You're doing a couple of things wrong.
1. You're not eating enough protein.
In order to gain muscle, bulk up, and gain strength the general recommendation is to eat 1 gram of protein per pound of ideal body weight. This means that if you weigh 130lbs, but you want to put on 20lbs of muscle and weigh 150lbs you need to eat 150gram of protein per day while also being in a calorie surplus. Conversely, if you weigh 200lbs and you want to weigh 150lbs you need to eat 150 grams of protein while also being in a calorie deficit. This isn't exactly true for everyone, people's bodies are different, so some people might need more or less protein, more or less fiber, etc. but this is a good general guideline to start from.
There is one universal truth, you can't build muscle without protein. It doesn't matter how much you work out if your body doesn't have the basic building blocks to build the muscle you want. This is something that I didn't understand for YEARS and then when I changed my diet I made more progress in 6 months than I had in the previous 2 years.
You can also gain muscle while also burning fat. If you structure your diet around a high protein and fiber but a low calorie intake you can do both at the same time.

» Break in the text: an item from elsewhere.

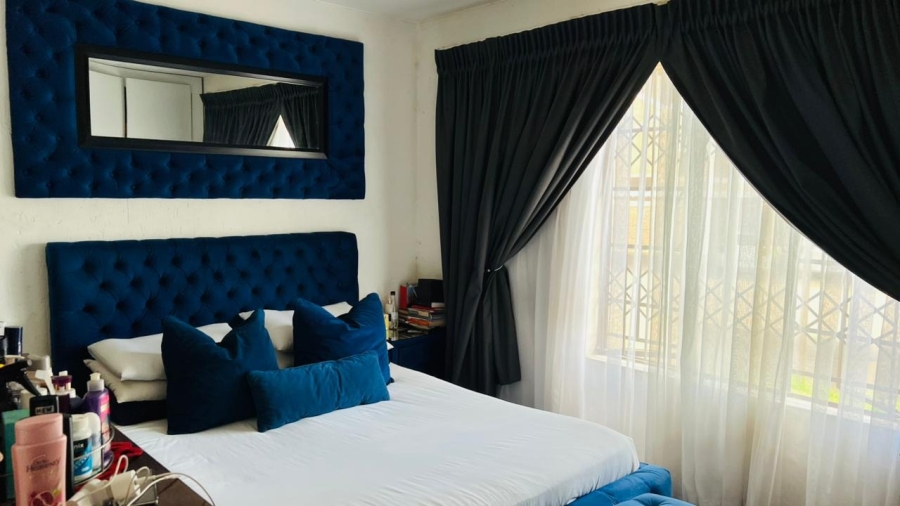 2 Bedroom Property for Sale in Chloorkop Gauteng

You're also going to the gym in the morning before you've eaten anything, that's a problem. Working out on an empty stomach means you'll have less energy to put into the workout. At least have something like a protein smoothie before your workout so that your body has some energy to burn.
2. The whole "mid load" thing you're doing is pointless. You won't gain strength unless you're pushing yourself each workout. Doing what you're comfortable with is good for maintenance, not gains. If you want to make gains you need to push your workouts to failure. Can't finish all the reps in a set because the weight is too heavy? GOOD. That means you actually went to failure. Don't have a set number of reps that you feel you HAVE to do per set, because by doing that you're limiting yourself to the weight you KNOW you can hit those reps with.
The number of reps in a set matters less than going to failure. If you can comfortably bench 3 sets of 8 reps then increase your weight. Can only bench 3 sets of 4 now? Good, do that new weight until you can bench 3 sets of 8 at that new number.
I'm a big fan of drop sets because working to failure stimulates growth. You can start with a really high weight, push it to failure in just 2 or 3 reps, then drop the weight, go to failure again in a couple more reps, drop the weight again and go to failure again. In a single set of 8 reps you've stressed your muscles to failure 3 times instead of just once, which stimulates more muscle growth, and you probably started with a higher weight than you otherwise would have because you didn't have to do that weight for all 8 reps, which conditions your body to that weight.